Again, see the caveat I gave above.cianfa72 said:Therefore such spherically symmetric spacetime is isotropic only about a specific "spatial" location (i.e. about the points that a specific timelike worldline intersects any of the spacelike hypersurfaces of constant Schwarzschild coordinate time).
Yes, but the volume of such "ordinary object" can be taken in principle as infinitesimal. Therefore the 3 rotational KVFs are about that "location", I believe.PeterDonis said:Note that this way of looking at it assumes that the vacuum Schwarzschild region ends at the surface of an ordinary object, i.e., that we are not talking about a black hole. For a Schwarzschild black hole, there is no "fixed point". But the rotational KVFs are still there and the spacetime is still spherically symmetric.
If you give it a small enough mass, yes--but then you're making the spacetime very close to just being flat.cianfa72 said:the volume of such "ordinary object" can be taken in principle as infinitesimal.
They are about the center of mass of the object. If the spacetime is spherically symmetric, the object must be, which means the rotational KVFs exist inside the object as well as outside. No need to make the object infinitesimal in size.cianfa72 said:the 3 rotational KVFs are about that "location", I believe.
For a 2-surface the maximally symmetric condition requires ##2*3/2=3## independent isometries.PAllen said:homogeneity does not imply isotropy (there can be the 'same' preferred direction at every point, e.g. a cylinder for a case of 2-surface geometry)
Yes, this is homogeneous but nowhere isotropic.cianfa72 said:For a 2-surface the maximally symmetric condition requires ##2*3/2=3## independent isometries.
In the case of the cylinder there are only 2 KVFs (the translation KVFs) and no global "rotation" KVF about any point (i.e. any linear combination with constant coefficients of the 2 independent KVFs doesn't result in a "rotation" KVF about any point).

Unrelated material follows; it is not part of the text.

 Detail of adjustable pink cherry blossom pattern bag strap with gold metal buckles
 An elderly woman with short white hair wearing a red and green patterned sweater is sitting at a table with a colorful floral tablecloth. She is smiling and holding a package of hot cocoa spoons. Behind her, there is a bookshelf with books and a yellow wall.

Nevertheless for the cylinder ##\mathbb S^1 \times \mathbb R##, as explained in this video at minute 36:00, the Killing equation has a third local solution that, however, cannot be globally extended as smooth KVF on the entire manifold.PAllen said:Yes, this is homogeneous but nowhere isotropic.
Yes, this is obvious when you consider that the metric of the cylinder is flat: it's the same as the metric of the Euclidean plane. So locally it must have the same solutions to Killing's equation as the flat Euclidean plane does.cianfa72 said:for the cylinder ##\mathbb S^1 \times \mathbb R##, as explained in this video at minute 36:00, the Killing equation has a third local solution
Yes, because the global topology of the cylinder is different from that of the Euclidean plane.cianfa72 said:that, however, cannot be globally extended as smooth KVF on the entire manifold.
In other words there is not any finite diffeomorphism/isometry that "rotate" points about any point on the cylinder.PeterDonis said:Yes, because the global topology of the cylinder is different from that of the Euclidean plane.
No, there is not any global isometry that does that for the entire cylinder. But there are local isometries that do it for finite open regions centered on some chosen point.cianfa72 said:In other words there is not any finite diffeomorphism/isometry that "rotate" points about any point on the cylinder.
Ah ok, yes. Just take a finite open region and unroll it on the plane.PeterDonis said:But there are local isometries that do it for finite open regions centered on some chosen point.
Yes.cianfa72 said:Just take a finite open region and unroll it on the plane.